= Pernik sword =

Medieval sword found in Bulgaria

The Pernik sword is a medieval double-edged iron sword unearthed in the ruins of the medieval fortress of Krakra near Pernik, western Bulgaria, on 1 January 1921. It bears an inscription in silver inlay on the blade. The sword is preserved in the National Archaeological Museum of Bulgaria in Sofia. The sword is 96 cm long and up to 4.5 cm wide.

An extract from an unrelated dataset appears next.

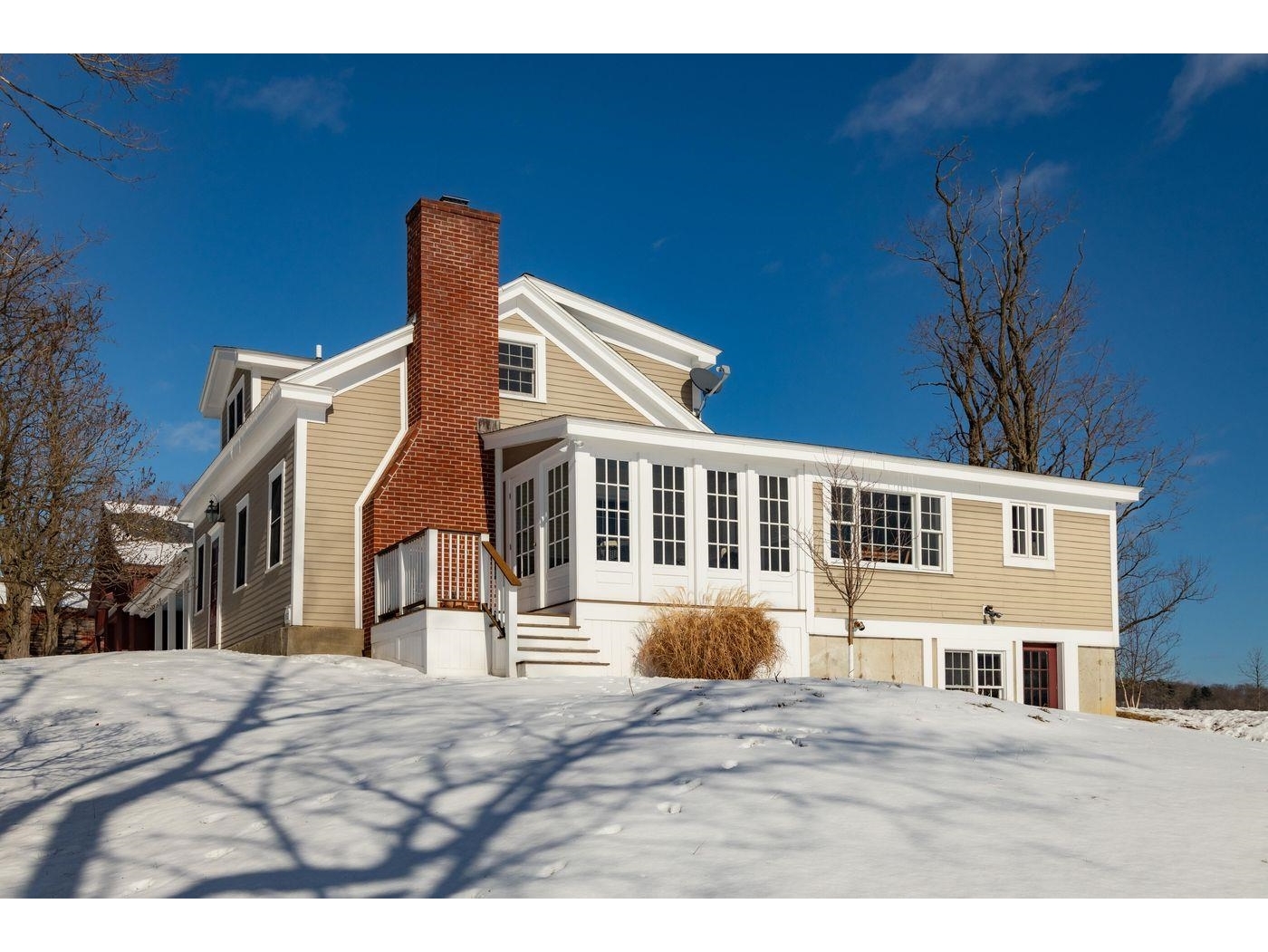 200B Burgess Road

The blade inscription is typical of the 12th-century "garbled" in nomine type, reading +IHININIhVILPIDHINIhVILPN+. Comparable blade inscriptions range from the comparatively clear NNOMNEDMN to the heavily distorted 00NINOMINED, OIEDOMINI, INNIOINNEDINI. There is a scholarly tradition of attempts to interpret this type of inscription as abbreviations or contractions, e.g. reading INPMPNC as I(n) n(omine) p(atris) M(ater) p(atris) n(ostri) C(hristi)'. Following such proposals, Mihailov (1985) proposed a tentative reading of the Pernik inscription along the lines of "IH(ESUS). IN I(HESUS) N(OMINE). IH(ESUS) VI(RGO). L(AUS) P(ATRIS) I(HESUS) D(OMINI) H(RISTUS). IN IH(ESUS) VI(RGO). L(AUS) P(ATRIS) N(OSTRIS)".
By contrast, Dentschewa (2005) argued for a Lombardic interpretation of IH INI NI hVIL PIDH, INI hVIL PN, meaning 'I do not await eternity, I am eternity'.